| GEO World|
| No option off table on Iran: Israel|
| Updated at: 1807 PST, Monday, July 27, 2009|
HELD AL-QUDS: Israel dug in its heels Monday in a disagreement with the United States over a potential military strike to thwart Iran's progress toward a possible nuclear weapon, as the visiting American defense chief urged patience.
``We clearly believe that no option should be removed from the table,'' Israeli Defense Minister Ehud Barak said pointedly, following discussions with U.S. Defense Secretary Robert Gates.
``This is our policy; we mean it,'' Barak continued. ``We recommend to others to take the same position, but we cannot dictate it to anyone.''
While the United States also reserves the right to use force if need be, the Obama administration is playing down that possibility while it tries to draw Iran into talks about its disputed nuclear program and other topics. Gates urged patience Monday, and said Washington still hopes to have an initial answer in the fall about negotiations.
``The timetable the president laid out still seems to be viable and does not significantly raise the risks to anybody,'' Gates said.
Israeli leaders and a significant share of the population fear the U.S. is prizing outreach to Iran over its historic ties to Israel and appears resigned to the idea that Iran will soon be able to build a nuclear weapon.
President Barack Obama says he has accepted no such thing.
The question of how to deal with Iran's rapid advancement toward nuclear proficiency has become one of the most public differences between new administrations in Jerusalem and Washington, despite overall close relations.
Both Barak and Gates said time is short, and Gates stressed that any negotiations would not become cover for Iran to run out the clock while it perfects a nuclear weapon.
Gates's brief visit to Israel was partially aimed at dissuading Israel from a pre-emptive attack on Iran's known nuclear sites, although Israel has never announced any specific intention to do that. Barak's no-options-off-the-table comment, uttered three times, seemed to indicate Gates made no visible headway in getting Israel to soften its line.
Obama pledged a new outreach to Iran during last year's presidential campaign. Aides say the recent election-related political upheaval in Iran has complicated, but not derailed, that effort.
Moreover, the United States argues that a strike would upset the fragile security balance in the Middle East, perhaps triggering anew nuclear arms race and leaving everyone, including Israel and Iran, worse off.
On Sunday, Secretary of State Hillary Rodham Clinton implicitly urged Israel to set aside any plans it might have for attacking Iran, saying she hopes the Jewish state understands the value of American attempts at diplomacy.
Speaking on NBC's ``Meet The Press,'' Clinton also said she would not reveal any specifics of a possible ``defense umbrella'' to protect Mideast allies against an eventual Iranian bomb.
The umbrella idea, which Clinton offhandedly mentioned last week, has fueled Israel's uncertainty over U.S. policy under Obama even though she later backpedaled.
Iran says it is merely trying to develop nuclear reactors for domestic power generation.
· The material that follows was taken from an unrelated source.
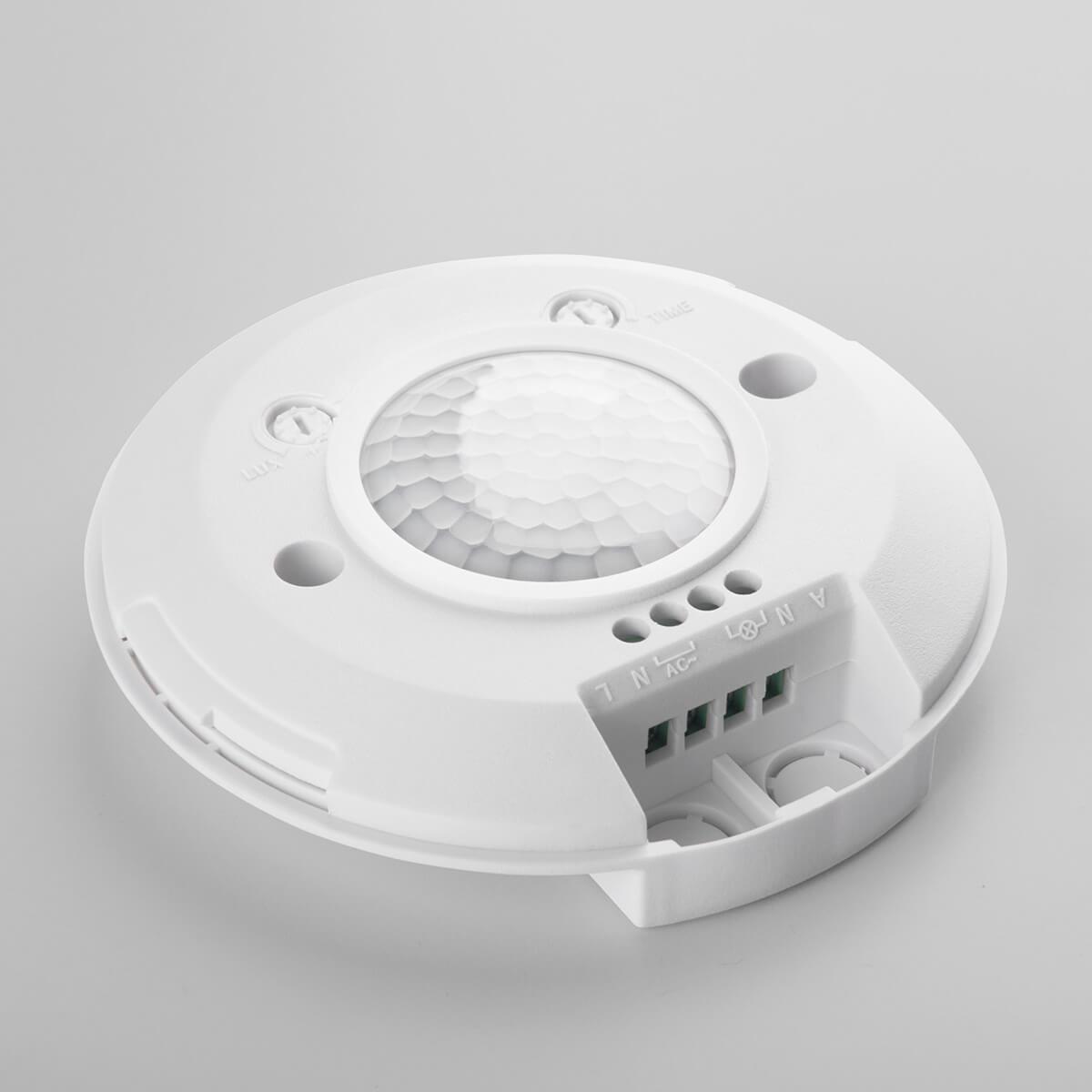 датчик движения elektrostandard sns-m-11 6m 2,2-4m 2000w ip20 360 белый a041243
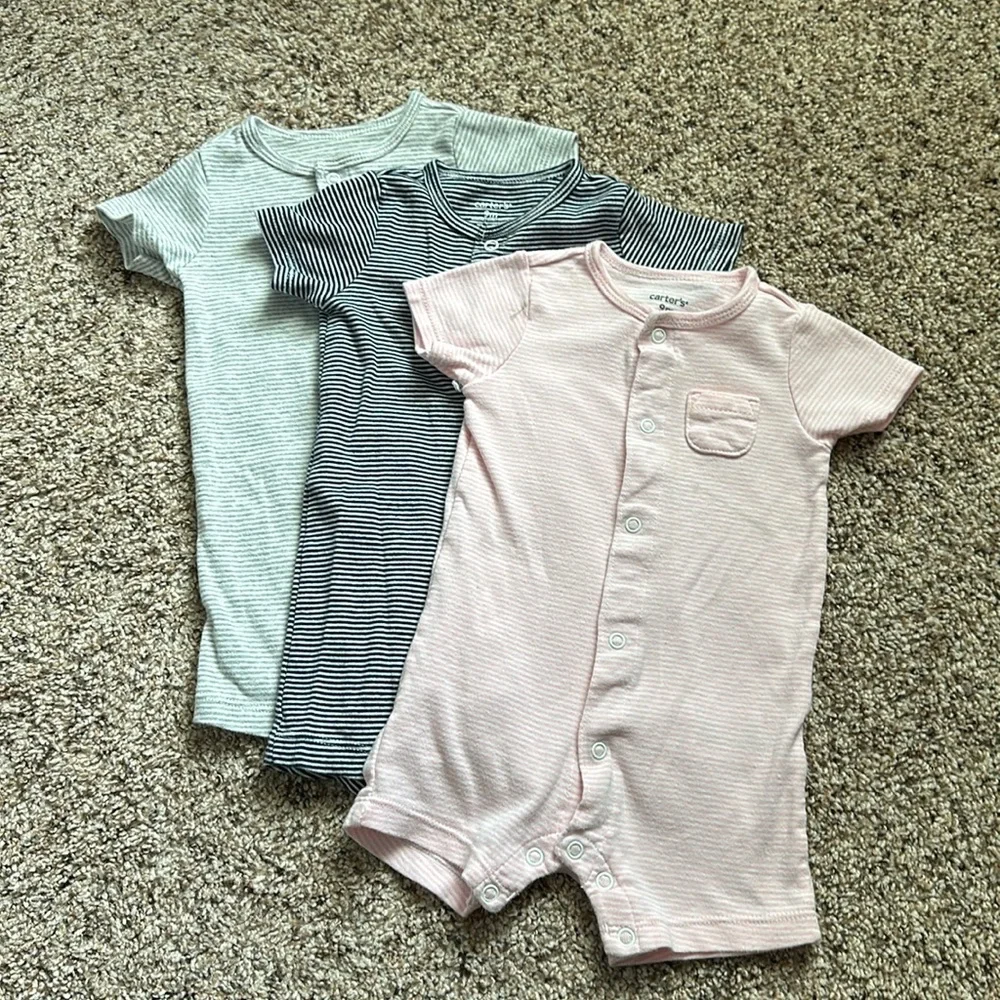 CARTERS UNISEX SNAP SHORTIE ROMPER SET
The U.S. and much of the rest of the world believes the Islamic regime is trying to build a nuclear weapon.
Israeli Prime Minister Benjamin Netanyahu had said Sunday he hopes to work out key policy disagreements with the U.S. during a series of meetings with high-profile American envoys. Gates was the second of a parade of Americans coming to Israel this week, and the only one for whom Israel's expansion of Jewish settlements was not a primary topic.
Israel is under heavy pressure to freeze construction in Israeli settlements in the West Bank and east Jerusalem, land the Palestinians want for their eventual state and capital.
Netanyahu has so far resisted, and the issue is a growing sore point between the U.S. and Israel.
U.S. Mideast envoy George Mitchell described the differences with Israel as ``discussions among friends,'' and ``not disputes among adversaries.'' He was in Israel a day ahead of Gates. National Security Adviser James Jones and top Iran and Mideast specialist Dennis Ross are expected in Israel later in the week.
Washington says the turnstile visits are a coincidence.
``Naturally, in the context of friendly relations between allies, there isn't agreement on all points, and on several issues we are trying to reach an understanding, in order to make progress together toward our shared goals _ peace, security and prosperity for the whole Middle East,'' Netanyahu said Sunday.
The U.S. says continued Israeli construction on lands claimed by the Palestinians threatens to undermine future peace talks.
Israel says some expansion must be permitted to accommodate the ``natural growth'' of settler families.
An Israeli paper reported Monday that the number of Jewish settlers in the West Bank is now more than 300,000. The daily Haaretz, using military statistics, put the number of West Bank settlers at 304,569 _ a 2.3 percent increase since January.
The number of Israeli settlers has more than doubled since themid-1990s in the West Bank, which is home to around 2.5 million Palestinians. Another 180,000 Palestinians live in east Jerusalem.